The Vec::<T>::get() method returns an Option<&T>, that is, an option of a reference into the vector. Because your vector already contains references (&str), it means that get() in your case returns Option<&&str>.
Now, the reason why your first example compiles is that by being explicit about the type of the s variable you cause deref coercion to fire, that is, the compiler will automatically insert a dereference operator:
// You write this:
let s: &str = v.get(0).unwrap();
// Compiler actually does this:
let s: &str = *v.get(0).unwrap();
Then, because there exists an implementation of the From<&str> trait for String, the compiler accepts the String::from(s) call.
In the second piece, however, without an explicit type annotation the type assigned to s is &&str:
let s: &&str = v.get(0).unwrap();
This changes the situation with the String::from() method: there is no From<&&str> implementation for String, and the compiler fails to compile the code.
A logical question here would be why no deref coercion happens in this case, when s is used as an argument for from()? The answer is that deref coercion does not happen for generic methods, and String::from is a generic method because it relies on the type parameter of the From trait. The compiler can't do a deref coercion, because it is totally possible (in principle) to have both From<&str> and From<&&str> methods which would potentially do different things.

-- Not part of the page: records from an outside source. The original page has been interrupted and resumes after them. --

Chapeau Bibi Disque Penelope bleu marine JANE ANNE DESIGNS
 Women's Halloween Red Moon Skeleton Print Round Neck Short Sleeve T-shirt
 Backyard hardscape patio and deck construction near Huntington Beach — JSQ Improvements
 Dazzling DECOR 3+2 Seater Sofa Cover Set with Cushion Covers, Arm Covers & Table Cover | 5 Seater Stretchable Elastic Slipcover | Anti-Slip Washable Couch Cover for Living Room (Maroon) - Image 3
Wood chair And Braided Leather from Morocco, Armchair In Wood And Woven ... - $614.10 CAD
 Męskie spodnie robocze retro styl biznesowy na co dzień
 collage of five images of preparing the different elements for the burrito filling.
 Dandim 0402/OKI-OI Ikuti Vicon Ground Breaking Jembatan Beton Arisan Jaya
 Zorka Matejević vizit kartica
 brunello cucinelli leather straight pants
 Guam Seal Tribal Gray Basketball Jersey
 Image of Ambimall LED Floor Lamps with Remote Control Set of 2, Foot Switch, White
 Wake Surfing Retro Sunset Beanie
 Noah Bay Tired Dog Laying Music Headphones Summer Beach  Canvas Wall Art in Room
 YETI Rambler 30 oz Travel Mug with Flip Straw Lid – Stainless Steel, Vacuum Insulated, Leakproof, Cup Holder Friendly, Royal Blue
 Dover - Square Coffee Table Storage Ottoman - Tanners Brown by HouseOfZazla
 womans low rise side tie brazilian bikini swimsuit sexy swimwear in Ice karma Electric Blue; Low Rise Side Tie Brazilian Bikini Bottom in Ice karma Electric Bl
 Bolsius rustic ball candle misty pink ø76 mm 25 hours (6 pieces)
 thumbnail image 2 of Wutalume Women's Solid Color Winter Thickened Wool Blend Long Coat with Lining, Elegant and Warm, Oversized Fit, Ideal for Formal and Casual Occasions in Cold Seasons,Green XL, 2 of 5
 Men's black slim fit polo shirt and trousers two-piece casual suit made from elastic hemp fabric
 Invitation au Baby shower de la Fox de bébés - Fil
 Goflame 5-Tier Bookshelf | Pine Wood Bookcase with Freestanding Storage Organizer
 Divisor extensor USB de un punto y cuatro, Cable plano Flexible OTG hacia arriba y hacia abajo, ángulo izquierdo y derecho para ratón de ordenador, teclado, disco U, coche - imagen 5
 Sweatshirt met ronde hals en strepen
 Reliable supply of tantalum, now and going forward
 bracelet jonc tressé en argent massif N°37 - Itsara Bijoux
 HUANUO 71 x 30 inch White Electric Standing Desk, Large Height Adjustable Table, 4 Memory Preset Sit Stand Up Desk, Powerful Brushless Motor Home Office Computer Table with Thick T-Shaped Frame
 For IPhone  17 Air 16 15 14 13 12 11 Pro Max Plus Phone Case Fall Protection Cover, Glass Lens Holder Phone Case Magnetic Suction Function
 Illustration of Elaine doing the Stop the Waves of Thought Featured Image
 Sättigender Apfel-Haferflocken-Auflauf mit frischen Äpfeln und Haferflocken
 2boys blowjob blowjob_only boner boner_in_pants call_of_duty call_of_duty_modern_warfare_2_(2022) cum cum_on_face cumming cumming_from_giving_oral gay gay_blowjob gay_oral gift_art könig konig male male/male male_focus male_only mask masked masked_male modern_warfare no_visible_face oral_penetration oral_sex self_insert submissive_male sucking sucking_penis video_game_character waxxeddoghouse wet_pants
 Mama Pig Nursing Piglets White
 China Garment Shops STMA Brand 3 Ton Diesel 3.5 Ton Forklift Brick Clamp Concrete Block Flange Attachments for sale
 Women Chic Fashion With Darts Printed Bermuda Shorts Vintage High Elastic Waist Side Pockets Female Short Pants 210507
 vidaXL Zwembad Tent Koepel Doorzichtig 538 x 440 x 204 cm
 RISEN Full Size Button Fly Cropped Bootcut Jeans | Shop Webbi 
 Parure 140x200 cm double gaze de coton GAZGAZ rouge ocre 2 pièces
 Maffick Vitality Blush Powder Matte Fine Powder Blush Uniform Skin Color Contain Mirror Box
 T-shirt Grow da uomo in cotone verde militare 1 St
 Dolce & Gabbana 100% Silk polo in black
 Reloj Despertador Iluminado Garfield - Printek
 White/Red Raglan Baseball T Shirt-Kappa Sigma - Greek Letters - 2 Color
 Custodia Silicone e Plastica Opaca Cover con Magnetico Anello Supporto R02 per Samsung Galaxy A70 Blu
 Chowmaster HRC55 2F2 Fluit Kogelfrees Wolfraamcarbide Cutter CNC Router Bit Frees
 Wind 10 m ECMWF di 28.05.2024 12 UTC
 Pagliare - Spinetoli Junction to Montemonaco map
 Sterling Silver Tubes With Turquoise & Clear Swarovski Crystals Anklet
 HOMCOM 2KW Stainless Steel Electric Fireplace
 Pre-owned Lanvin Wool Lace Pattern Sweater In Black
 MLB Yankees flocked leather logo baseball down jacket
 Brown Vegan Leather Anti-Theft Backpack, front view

Even if From<&&str> does not exist now, and the compiler would have applied a deref coercion, it would make the code brittle against future evolution: if for some reason From<&&str> is added in a future version of the standard library, your code may silently break, because it will now call a different method than before, with potentially different logic.
(Naturally, I'm not saying that From<&&str> would indeed be added in the future libstd version; this is generic reasoning applicable to any kind of trait, in any code base).